Records from a data collection
○ ○ ○ ○

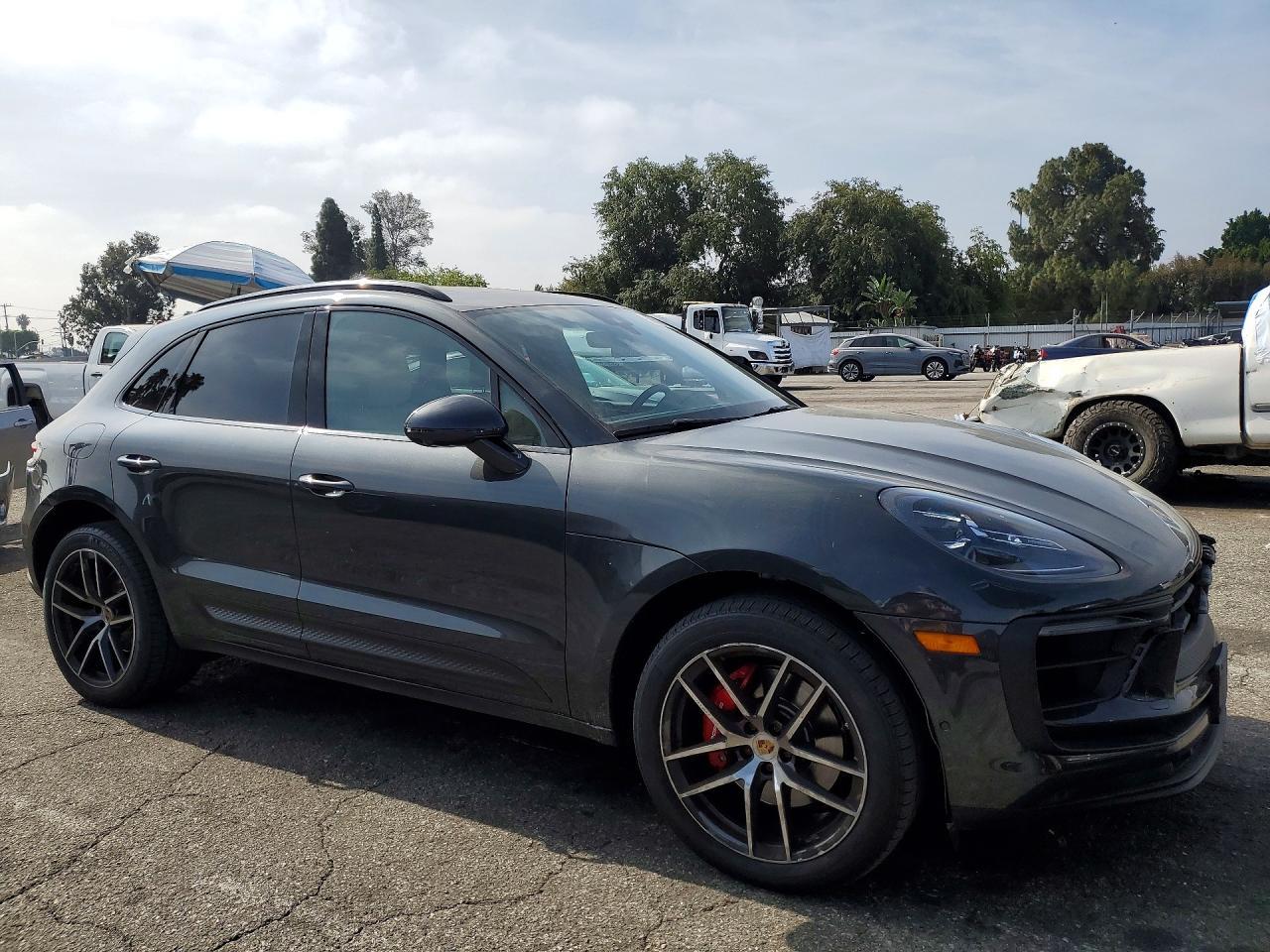 2023 Porsche Macan S - Image 4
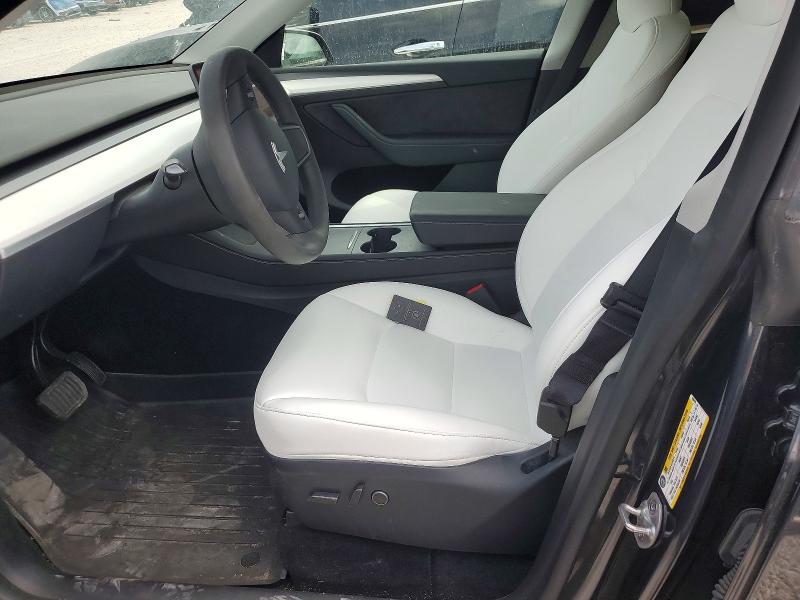 Снимка 7 от търг – 2025 TESLA MODEL Y с VIN 7SAYGAEE3SF269478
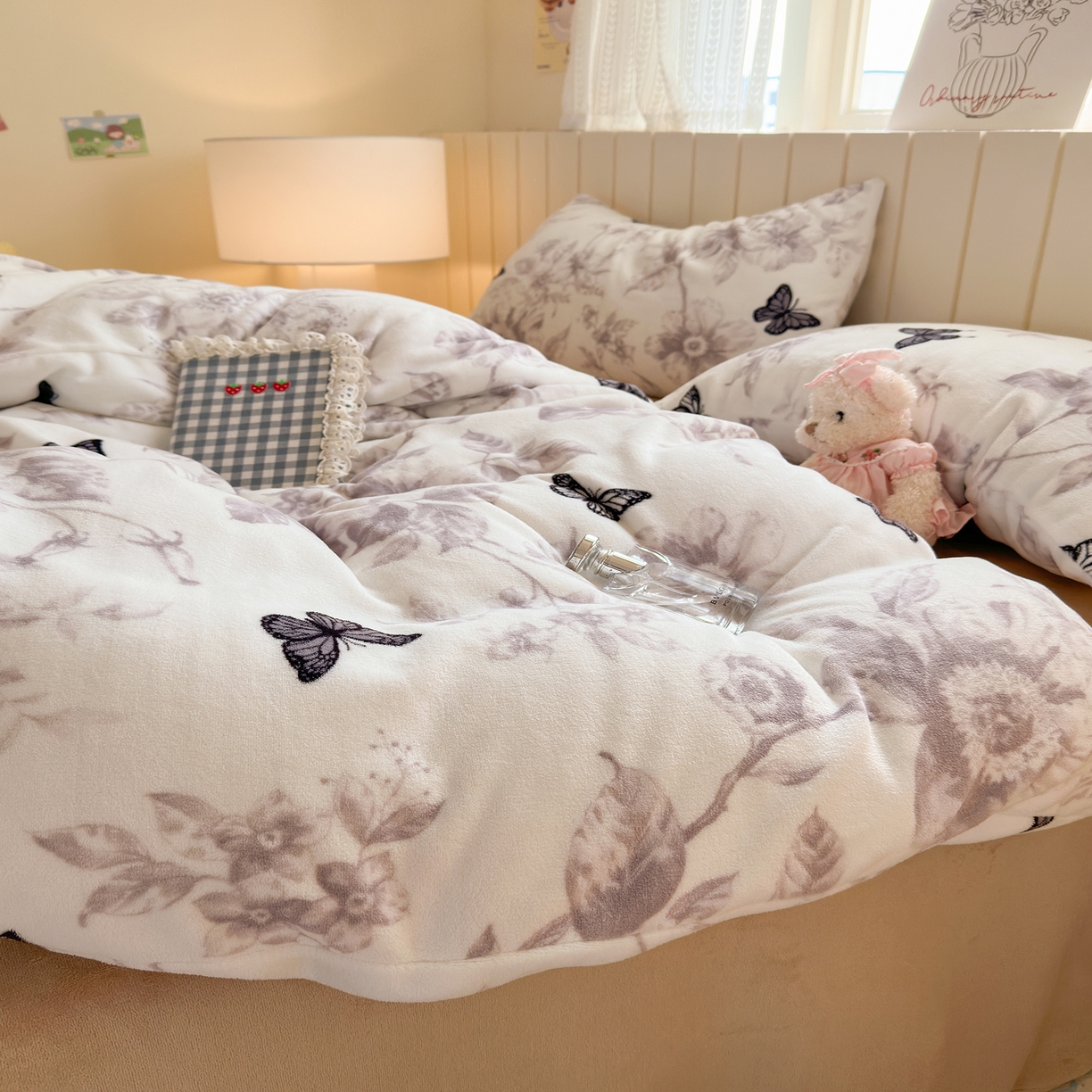 91家纺网 家纺一手货源 找家纺 丽美人家纺 2025新款印花双面加厚绒高克重牛奶绒被罩单品被套单件被套 水墨花蝴蝶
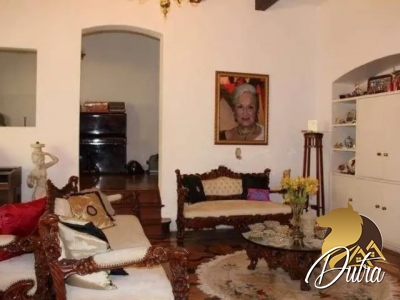 Padrão Jardim Paulista 800m² 04 Dormitórios 03 Suítes 10 Vagas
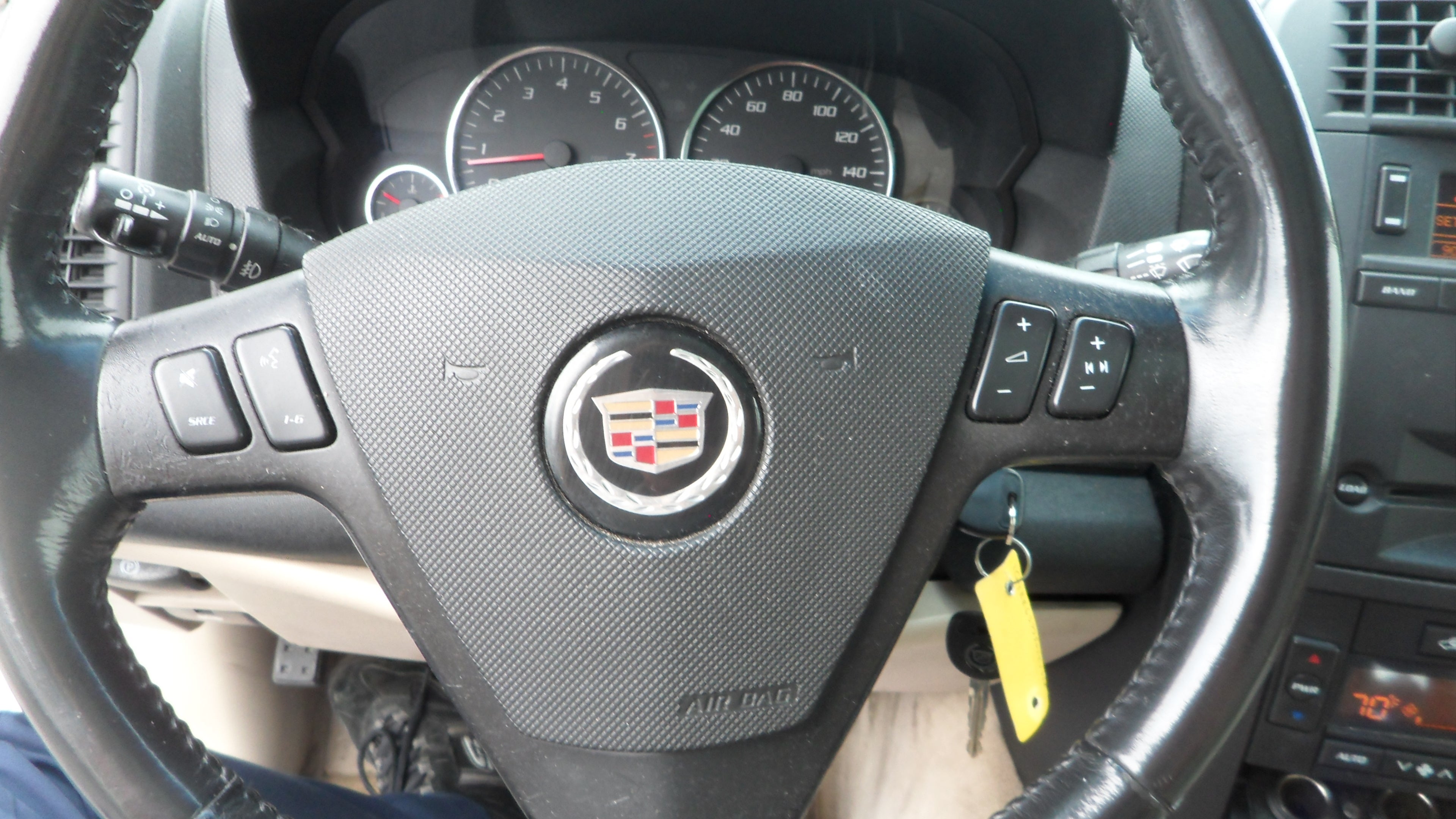 2005 Cadillac SRX Base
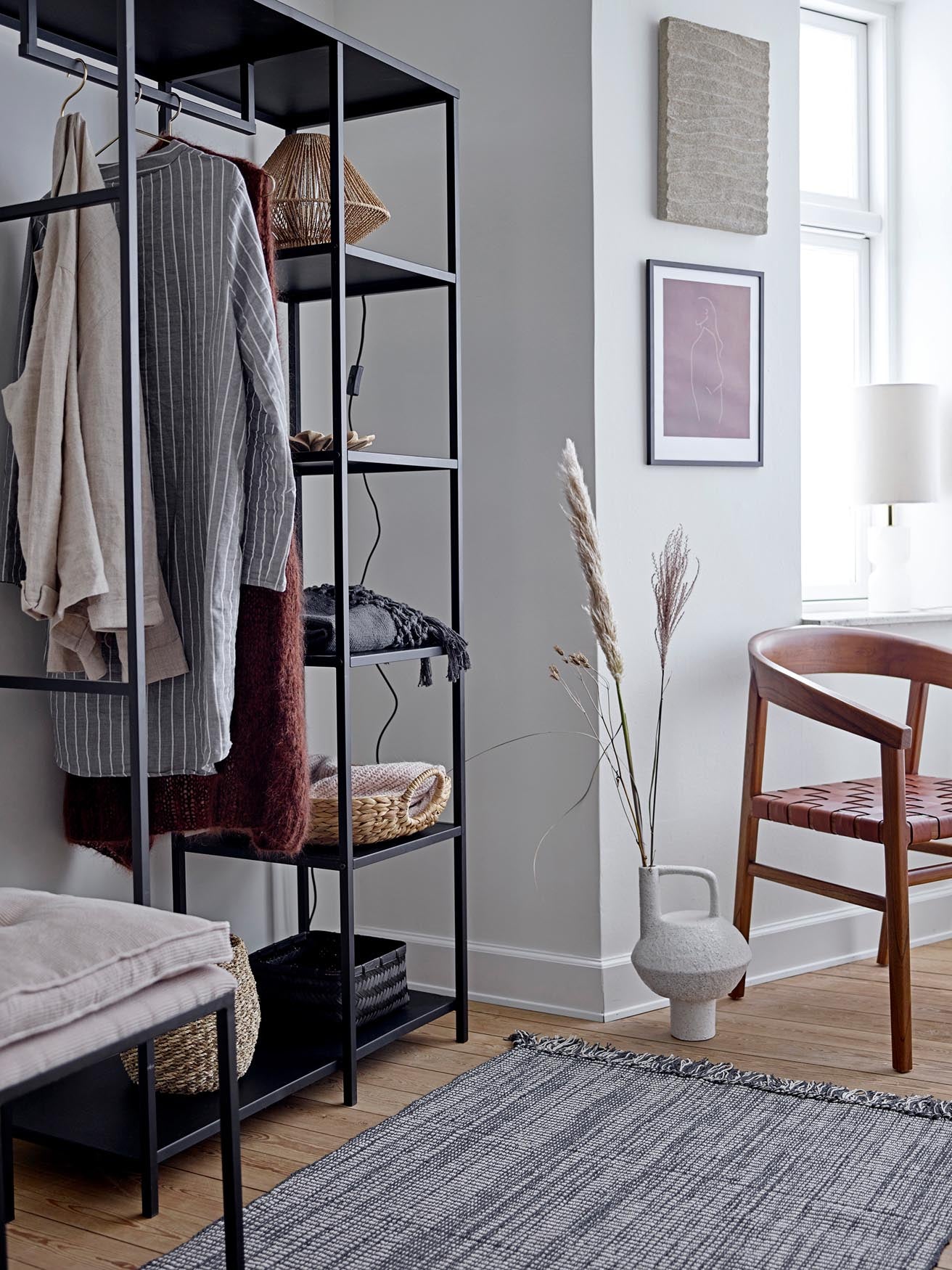 Malli Basket von Bloomingville: Handgefertigter Korb aus Seegras und Palmblatt, ideal für stilvolle Aufbewahrung und natürliche Akzente.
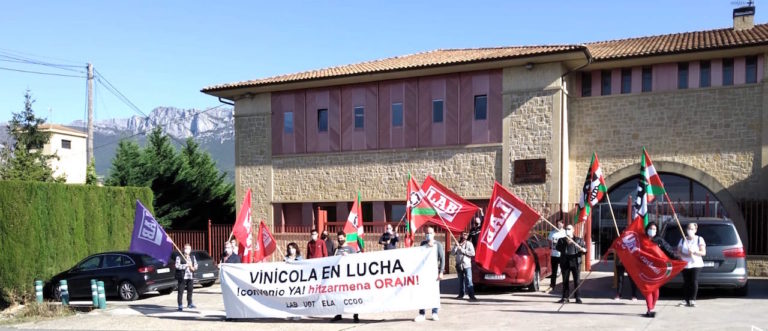 Arabako ardogintza sektorean benetako negoziazioa eta bidezko hitzarmen duina eskatzeko mobilizatu gara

○ ○ ○ ○

**Problem statement**
Extract, word for word, each line from the top of the data down to and including the line with "2005 Cadillac SRX Base"; skip the pictures.

**Your response**
 2023 Porsche Macan S - Image 4
 Снимка 7 от търг – 2025 TESLA MODEL Y с VIN 7SAYGAEE3SF269478
 91家纺网 家纺一手货源 找家纺 丽美人家纺 2025新款印花双面加厚绒高克重牛奶绒被罩单品被套单件被套 水墨花蝴蝶
 Padrão Jardim Paulista 800m² 04 Dormitórios 03 Suítes 10 Vagas
 2005 Cadillac SRX Base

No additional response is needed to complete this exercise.